What is data persistence and why does it matter?
For more information on persistence in Cassandra and other NoSQL databases, check out What is NoSQL?
Understanding the meaning of persistence is important for evaluating different data store systems. Given the importance of the data store in most modern applications, making a poorly informed choice could mean substantial downtime or loss of data. In this post, we'll discuss persistence and data store design approaches and provide some background on these in the context of Cassandra.
Persistence is "the continuance of an effect after its cause is removed". In the context of storing data in a computer system, this means that the data survives after the process with which it was created has ended. In other words, for a data store to be considered persistent, it must write to non-volatile storage.
If you need persistence in your data store, then you need to also understand the four man design approaches that a data store can take and how (or if) these designs provide persistence:
Pure in-memory, no persistence at all, such as memcaches or Scalaris
In-memory with periodic snapshots, such as Oracle Coherence or Redis
Disk-based with update-in-place writes, such as MySQL ISAM or MongoDB
Commitlog-based, such as all traditional OLTP databases (Oracle, SQL Server, etc.)
In-memory approaches can achieve blazing speed, but at the cost of being limited to a relatively small data set. Most workloads have relatively small "hot" (active) subset of their total data; systems that require the whole datset to fit in memory rather than just the active part are fine for caches but a bad fit for most other applications. Because the data is in memory only, it will not survive process termination. Therefor these types of data stores are not considered persistent.
The easiest way to add persistence to an in-memory system is with periodic snapshots to disk at a configurable interval. Thus, you can lose up to that interval's worth of updates.
Update-in-place and commitlog-based systems store to non-volatile memory immediately, but only commitlog-based persistence provides Durability -- the D in ACID -- with every write persisted before success is returned to the client.

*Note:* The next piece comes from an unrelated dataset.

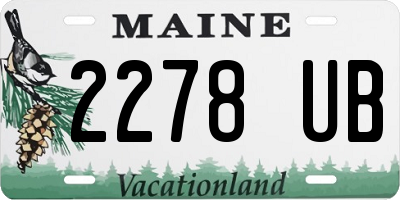 ME license plate 2278UB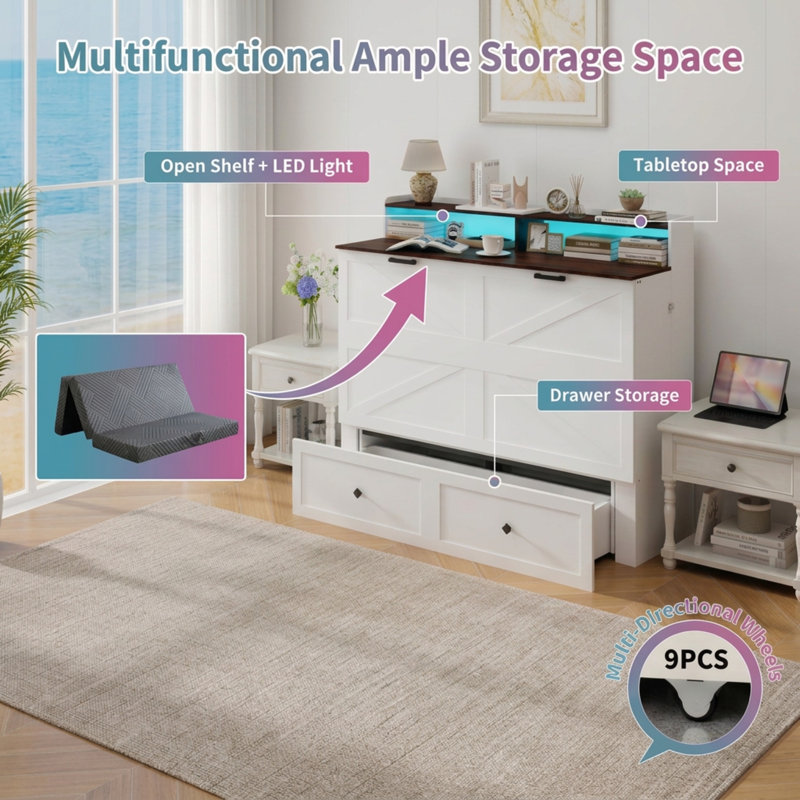 Grand lit escamotable avec matelas à trois volets 6 po, lumières à DEL RVB et station de charge USB-C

Cassandra implements a commit-log based persistence design, but at the same time provides for tunable levels of durability. This allows you do decide what the right trade off is between safety and performance. You can choose, for each write operation, to wait for that update to be buffered to memory, written to disk on a single machine, written to disk on multiple machines, or even written to disk on multiple machines in different data centers. Or, you can choose to accept writes a quickly as possible, acknowledging their receipt immediately before they have even been fully deserialized from the network.
At the end of the day, you're the only one who knows what the right performance/durability trade off is for your data. Making an informed decision on data store technologies is critical to addressing this tradeoff on your terms. Because Cassandra provides such tuneability, it is a logical choice for systems with a need for a durable, performant data store.